相続税 2021.04.07

法改正で創設された特別寄与料ってなに?

近年相続法が改正され、相続の制度について目まぐるしく変化が起きています。
相続税制の改正と合わせるとかなりの改正があったため、意外と知られていない改正も少なくありません。
今回取り上げるのもそんな相続法改正の一つ、特別寄与料です。
そこで本記事では、特別寄与料の詳細と従来からある寄与分との違い、請求方法について解説したいと思います。

記事ライター:棚田行政書士

特別寄与料とは

相続法の改正によって、2019年7月1日以降に発生した相続から特別寄与料が請求できるようになりました。寄与と聞くと、「従来からある寄与分と何が違うの?」と思う人もいるかもしれませんが、実は全く意味が異なります。

特別寄与料とは、亡くなられた方を生前に無償で療養看護その他労務の提供をしたことにより、亡くなられた方の財産の維持または増加について特別な寄与をした親族が、相続人に対して請求できる金銭のことです。

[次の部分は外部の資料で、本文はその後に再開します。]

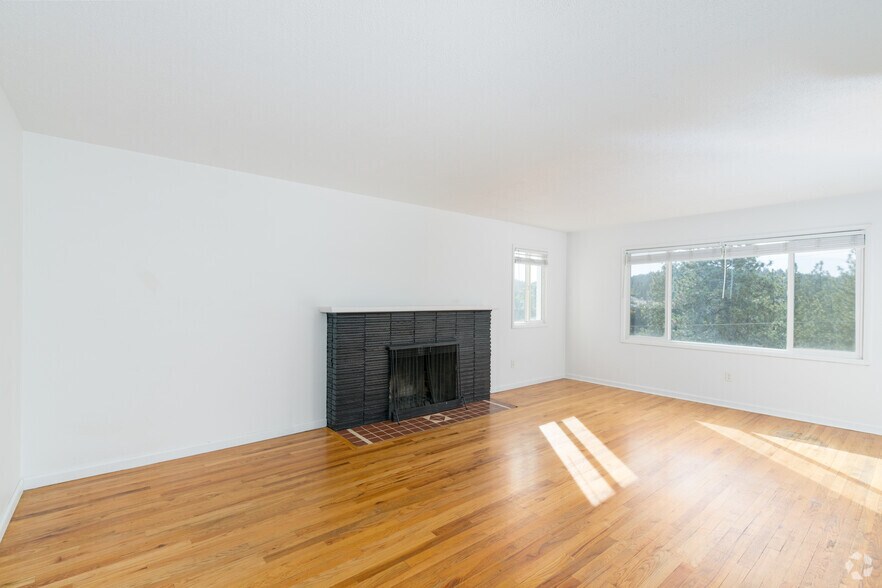 More Photos Of 515 S Coeur D' Alene St, Spokane Apartments For Sale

例えば、Aさん、Aさんの夫、Aさんの義理父の3人暮らしだったとします。

突然の病気で夫が死亡し、その後Aさんは高齢になる義理父の療養看護に尽くしました。

こういったケースは結構あると思います。

その数年後、義理父は死亡して相続が発生しました。

この場合、義理父の遺産は従来までの法律ですと療養看護に尽くしたAさんは、1円たりとも相続できません。なぜなら、Aさんは義理父の相続人ではないからです。

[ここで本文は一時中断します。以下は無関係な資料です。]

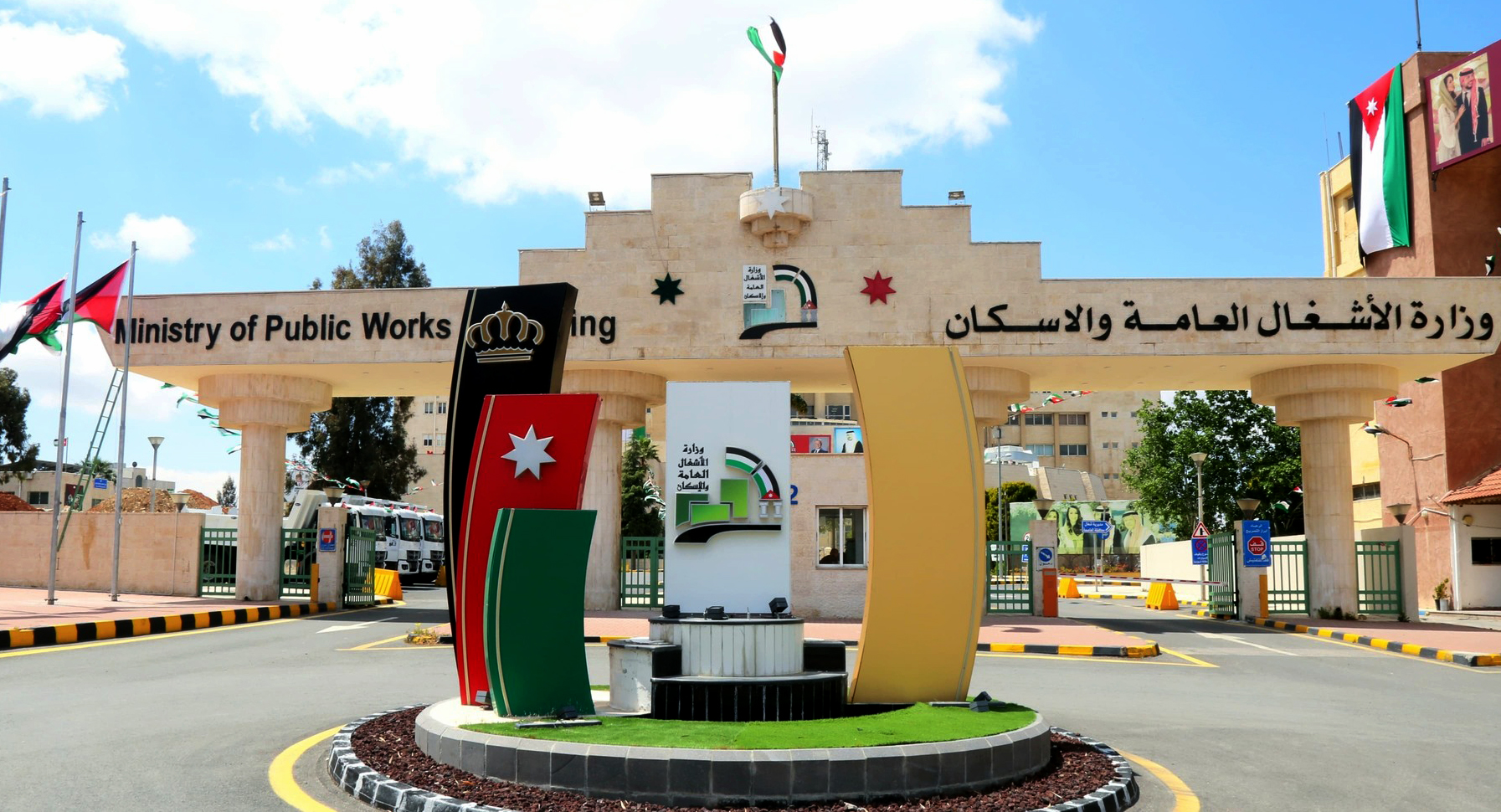 الأشغال تواصل جهودها الميدانية للتعامل مع المنخفض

仮に夫が生存していれば、夫が相続することでバランスをとることも可能ですが、夫が先に死亡していると義理父の遺産を相続することができません。

では誰が相続するのかというと、夫の兄弟姉妹です。

要するに実の父親の療養看護をしてこなかった、夫の兄弟姉妹が遺産を相続して、療養看護を尽くしてきたAさんはそれをただ見ているしかなかったのです。

実際、このようなケースでAさんの住んでいる自宅が義理父名義になっていると、相続した夫の兄弟姉妹から立ち退きを迫られて住む場所を失うという、あまりにも理不尽な事態が起こる可能性があります。

 

これまでの寄与分との違い

法改正がされる前でも、寄与分というものが存在し、被相続人の療養看護などを尽くした場合に通常の相続分よりも多く相続することもかのうでした。ただ、従来からある寄与分には決定的な弱点があったのです。それは、適用されるのが相続人だけという点です。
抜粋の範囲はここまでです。